Something seems a bit off about this. Are blind people more intelligent? 

From a quick google search, it looks like blind people have many boosted properties (increased working memory, increased ability to differentiate frequencies), but somehow this does not translate to increased IQ? More research needed.

But, I guess the effect size should be huge if it's really a simple function of total data inputs, right?

OK, I guess a confounding factor is that the brain might not be plastic enough for "blind humans" to be equivalent to "hominids who evolved a similar encephalization quotient but without the sense of sight", which is what your theory specifically predicts would be quite intelligent.

Another thing that seems a bit off about this is that, in ML, we've seen that info from other sensory modalities can be very useful. So taking away one sense-organ and allocating the resources to another shouldn't necessarily boost "overall intelligence". But maybe this is like pointing out that a blind person won't be able to describe a painting, so in that respect their verbal performance will be worse.

Anyway, obviously, if not sense-input, then what??

huh, I am boggled if there exist people with measurably better working memory which doesn't translate to IQ. I had believed working memory was a key intelligence bottleneck.

I think the disappointing failure of the WM/DNB training paradigm 2000-2015 or so to show any meaningful transfer to fluid intelligence, while being able to show transfer to plenty of WM tasks, proved that the high correlation of WM/Gf was ultimately not due to WM bottlenecking intelligence.

The nature of human intelligence remains something of a puzzle. The most striking recent paper I've seen on what human intelligence is is "Testing the structure of human cognitive ability using evidence obtained from the impact of brain lesions over abilities", Protzko & Colom 2021. That is, interpreting brain lesions as surgically precise interventions into (non-fatally) disabling specific regions of the human brain, there... is no bottleneck anywhere? Yet, we can totally predict intelligence (up to like >90% variance as the ceiling) from neuroimaging and stuff like brain volume has causal influences on intelligence as indicated by LCV etc. So overall I've been moving towards the bifactor model with general body integrity as the other (causal but temporally prior) factor, and trying to reconcile it with DL scaling. Highly speculative, but seems reasonably satisfactory so far...

It's a good point!
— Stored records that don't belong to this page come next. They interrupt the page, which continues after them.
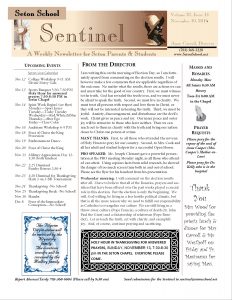 Sentinelv23i11 Page 1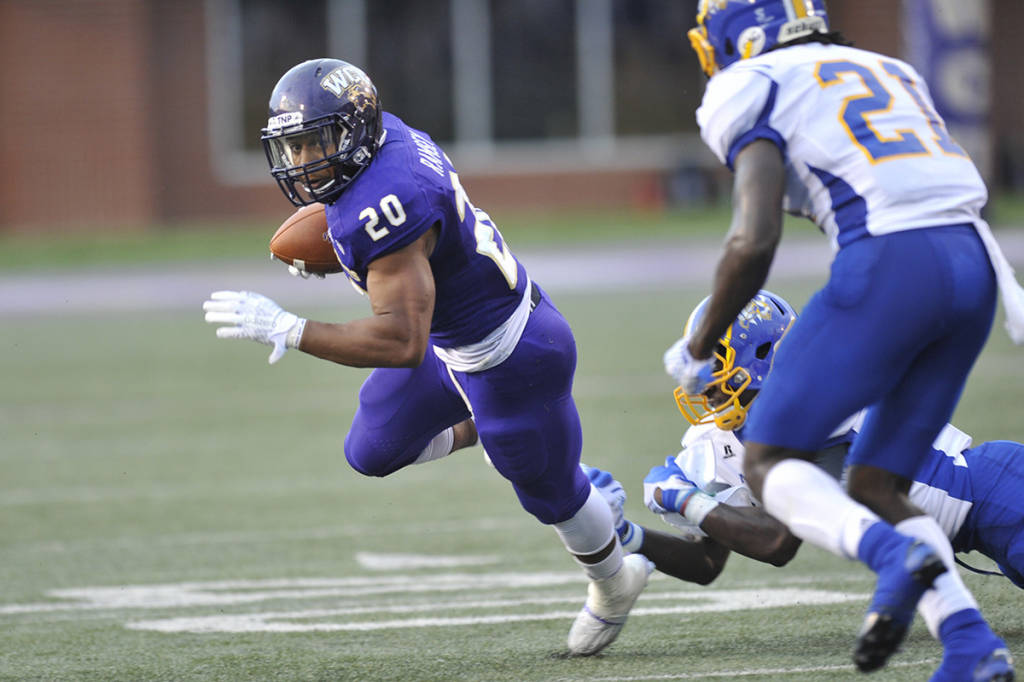 Football vs Mars Hill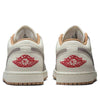 Air Jordan 1 Low 'Sail Fire Red College Grey' 553558-169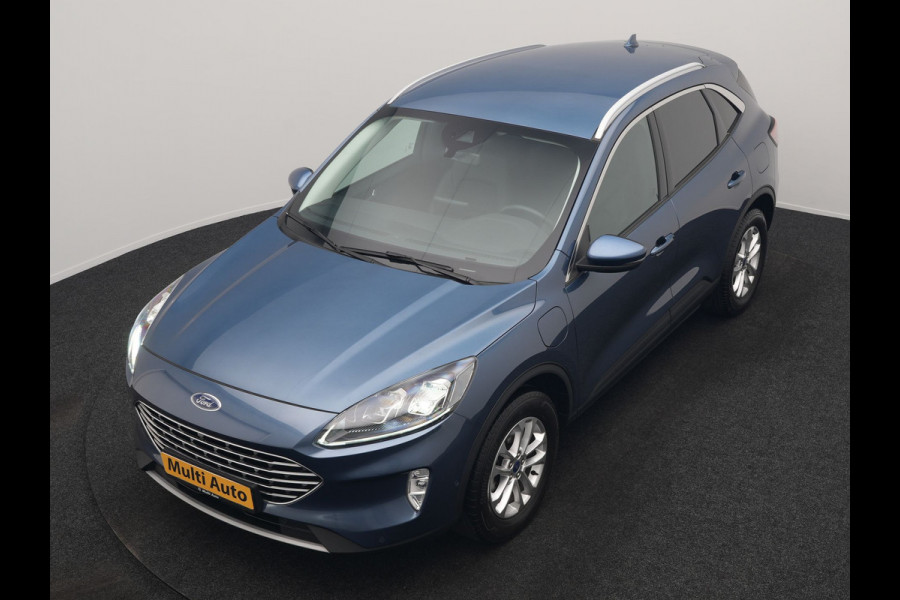 Ford Kuga 2.5 Titanium X PHEV 225pk Dealer O.H. | Trekhaak Af Fabriek | Adaptive Cruise | Bang & Olufsen | 360 Camera | Sportstoelen & Stuur Verwarmd | Keyless | Blis | Navigatie | DAB | Plug In Hybrid |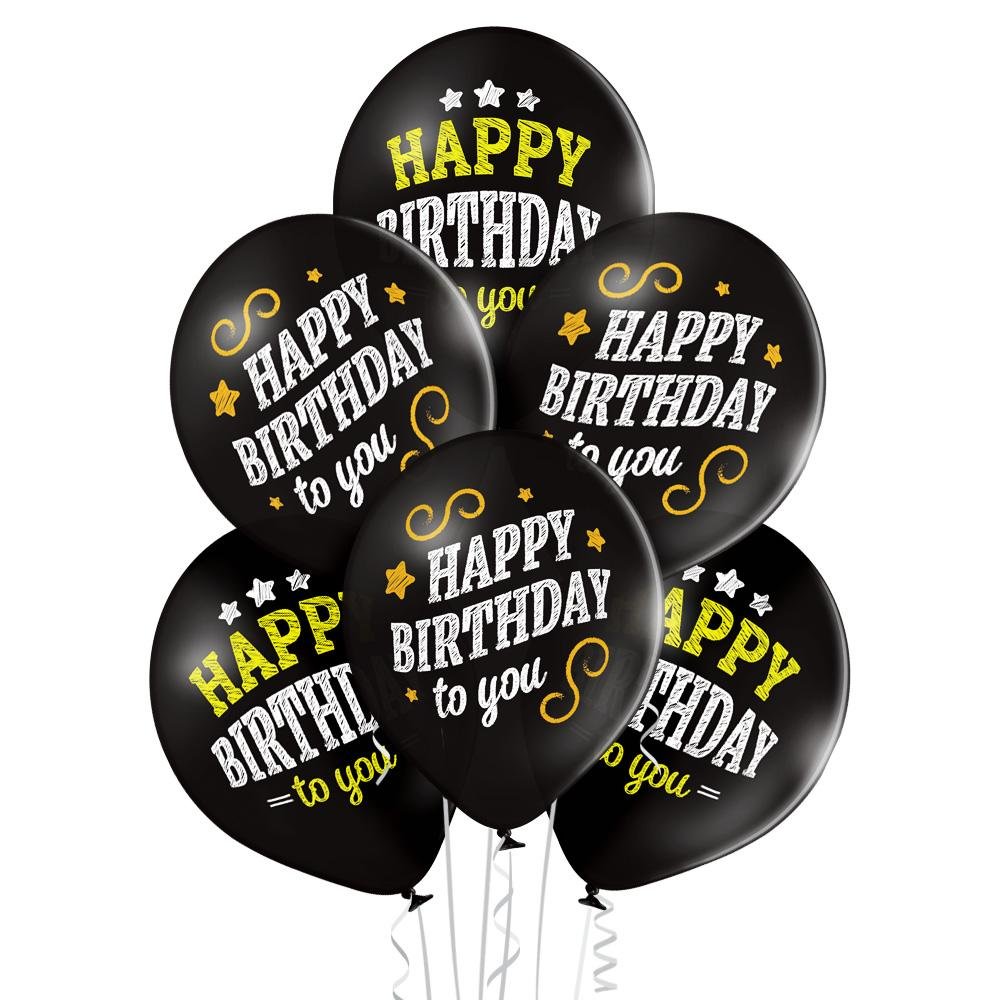 Happy Birthday to you Ballon - Latex bedruckt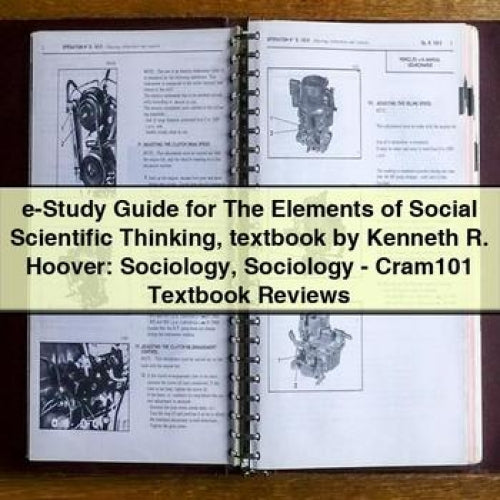 E-STUDY Elements Social Scientific Thinking Textbook Kenneth R. Hoover Service Repair Workshop Manual PDF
I failed to notice my confusion there.

Blind people have enhanced hearing. I would not be surprised if they have better touch and smell too. I have never heard of blind people dominating a field except where there is an obvious hearing component (like echolocation and hacking analog phones).

I think the vision centers of blind people get repurposed into non-vision sensory centers, but that higher-level cognitive ability remains unchanged. We have to be careful when testing the working memory of blind people because available brain matter isn't the only variable getting modified. Blind people have to memorize more of their environment than sighted people do.

If hominids evolved without a sense of sight then they would improve other senses to compensate. To get an intelligence boost from blind humans, we would need to keep the encephalization quotient constant while reducing the cortical matter dedicated to processing sensory data.

If this post is correct then the human brain has way more compute than is required for high-level cognition.

Yep. All sounds right.

I have an alternative hypothesis tho: we could say "big brains are for big problems". As you stated, a blind person still has a similar computational problem to solve, namely navigating a complex 3D environment. In some cases, tons of sense-data will be very easily processed, due to the simplicity of what's being looked for in that sense data. (Are there cases of animals with very large retinas, but comparatively small brains?)

The sad part of this hypothesis is that it's difficult to test, as it doesn't make specific predictions. You'd need to somehow know the computational complexity of surviving in a given environment. (Or, more precisely, the computational complexity where a bigger brain is too much of a cost...)

Thanks for sharing this!

I notice I'm curious about the odor measurement test -- in particular the source of the samples to be measured.

(My expectation is that the odors to test were selected by a human -- which is a totally normal and real bias to have)

Did they select down to odors that would be expected to be both common in the animals normal habitat, and informationally useful to reproduction or survival?

There are some old studies finding that the general factor of sensory discrimination is highly correlated with the general factor of intelligence among humans, IIRC in the 0.7 to 1.0 range. But I'm on my phone right now so I can't dig them up.

Basically all positive attributes are correlated. Height is correlated with IQ is correlated with reaction speed is correlated with income is correlated with prettiness. A correlation between 0.7 and 1.0 range is really high. I'd be very surprised if sensory discrimination correlated with at a rate of 1.0. That's higher than IQ tests. If the correlation was really that high we wouldn't need IQ tests at all. We could just use sensory discrimination instead.

I'd be very surprised if sensory discrimination correlated with g at a rate of 1.0. That's higher than IQ tests. If the correlation was really that high we wouldn't need IQ tests at all. We could just use sensory discrimination instead.

The issue is that it's the general factor of sensory discrimination that correlates highly with IQ; sensory discrimination within each specific sense only has a meh loading on the sensory discrimination factor. So you would need to measure sensory discrimination on a lot of senses to accurately measure intelligence using it, but most senses are probably more bothersome to measure than a standard IQ test is.

Though yes I agree that 1.0 is unrealistically high and the lower end of the range I gave is more plausible. If I recall correctly, the 1.0 study had a low sample size.


I'd be very surprised if sensory discrimination correlated with  at a rate of 1.0. That's higher than IQ tests. If the correlation was really that high we wouldn't need IQ tests at all. We could just use sensory discrimination instead.

There doesn't seem to be contradiction here; so what if we could, we simply don't. Not defending the idea here, just noting that prevalence of IQ tests is very weak evidence.

My guess is just that evolution is dumb. Larger brains are less efficient (compared to small brains like birds have), but the cost of a less efficient brain is not so heavy in larger creatures, so there has been less selective pressure for brain efficiency in larger creatures.